NCTV Episode 28
Continuing with the series of bitesize health tip videos which can be found here on my YouTube Channel, this episode, includes:-
- A wardrobe malfunction
- Dynamic warmup suggestions
- How to cooldown properly
- Advice on static stretches
- Timings, durations and frequency
If you’d prefer to read the content within, rather than watch the video, then feel free to read the transcript, as follows:-
Hello and welcome to NCTV Episode 27 and this one is all about injury prevention in the form of warming up and cooling down before and after exercise respectively.
So it is fairly common knowledge that before you partake in exercise, you should both warm up before and cool down afterwards to reduce your risk of injury.
However, as a wise man once said, what’s easy to do is easy not to do and many fall foul of not going through at least a basic routine.
There are obviously different routines required for different activities but if we take running for example, it’s good to start with a dynamic warm up, meaning a warm up involving a series of low to moderate intensity movements.
These may be around 20 arm and legs swings, star jumps or burpees, whatever floats your boat. This helps to steadily pump blood to the muscles readying them for the increased demands to come.
Notice that I’ve not suggested static stretches first and that is because you are more likely to do harm than good if you stretch a cold muscle.
For the next step of your warmup it’s good up the heartrate further to increase blood flow, nutrients and oxygen delivered to your muscles as well as increasing their extensibility.
This may be in the form of a light jog (slowly increasing and decreasing your speed), skipping or a brisk walk, maybe even walking or jogging with high knees or doing butt kicks. The whole process should ideally last around about 10 minutes, before commencing your workout or exercise.
So your exercise is underway and if you were running for example, it’s important to slowly reduce your heartrate before suddenly stopping or sitting down.

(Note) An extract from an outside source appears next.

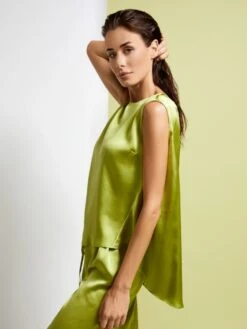 Seidentop BIANCA Von Vivis 23 Seidentop BIANCA Von Vivis -MAISON LEJABY Verkaufsgeschäft seide top bianca apfelgruen vivis 1 1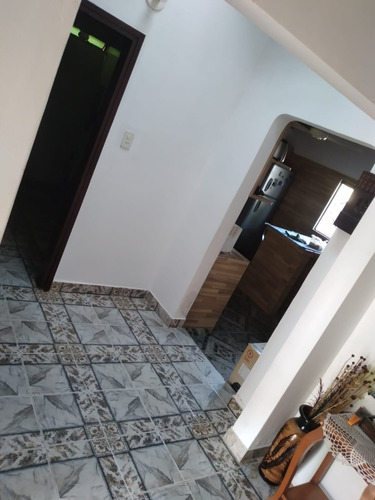Imagen 8 de 14 de Vendo Casa En Ñemby Zona Capilla Del Monte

Slow yourself down gradually say from a run to a brisk walk and then a slower walk and your heartrate will return to normal with no ill effects such as light headedness. Again, aim for around 10 minutes from the moment of high intensity to rest, to allow for this process.
Following a period of heavy use, your muscles tend to get tight as they cool down, so at the end of your workout, that’s the time to perform your static stretches.

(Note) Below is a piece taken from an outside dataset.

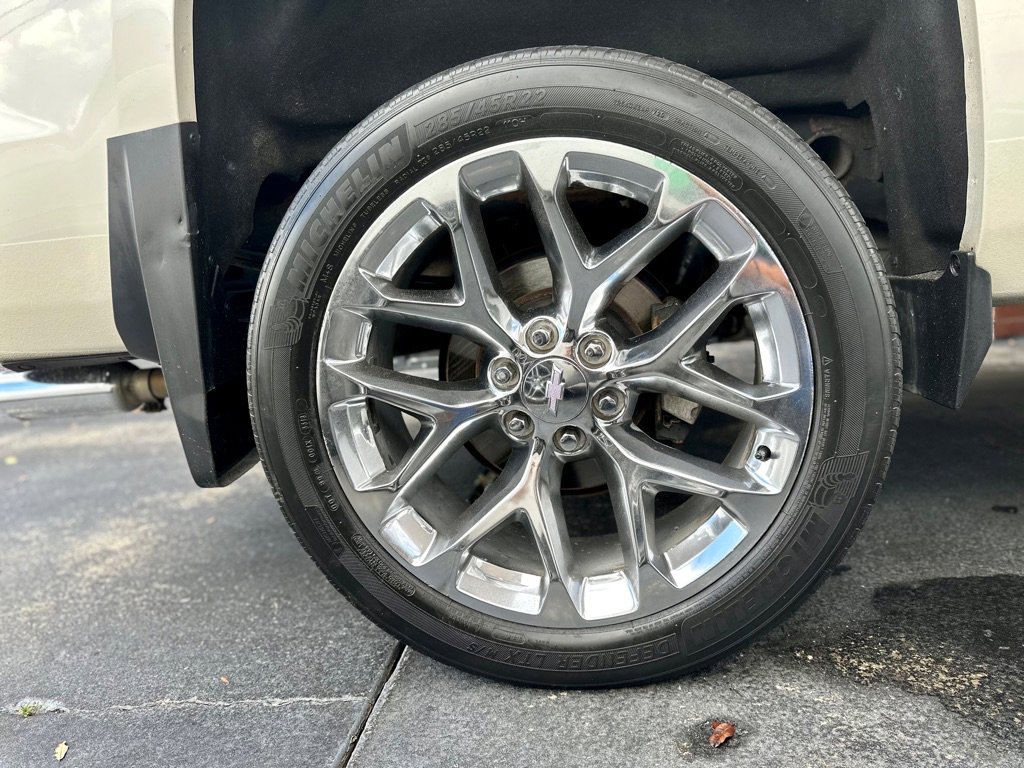 Used 2014 Chevrolet Silverado 1500 High Country AWD/4WD image 11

This process tends to get skipped because people are tired and want to just crash out but this stage is key if you want to maintain flexibility and decrease the post exercise soreness over the next day or two.
There are differing views as to how long you should hold a stretch for and how many times to do it on a muscle, some say three lots of 10-12s, others either once or three times for 30-45s and others even longer. The general consensus seems to be at least one set of 30s per muscle but ideally 3 sets for good measures.
If it’s post running, then the main muscles to focus on for your stretching would be the legs; such as your calves, hamstring, quads, adductors, glutes and hip flexors. With other workouts the muscles in focus would of course need adapting to in accordance to the ones you used.
To perform a correct stretch, push it to the point of a deep, comfortable stretch, exhale into it but don’t take it to the point of pain.
And one final tip, be sure to hold it as a consistent stretch and don’t bounce it.
So there you have it for this week’s bitesize bit to help your health flourish, by for now.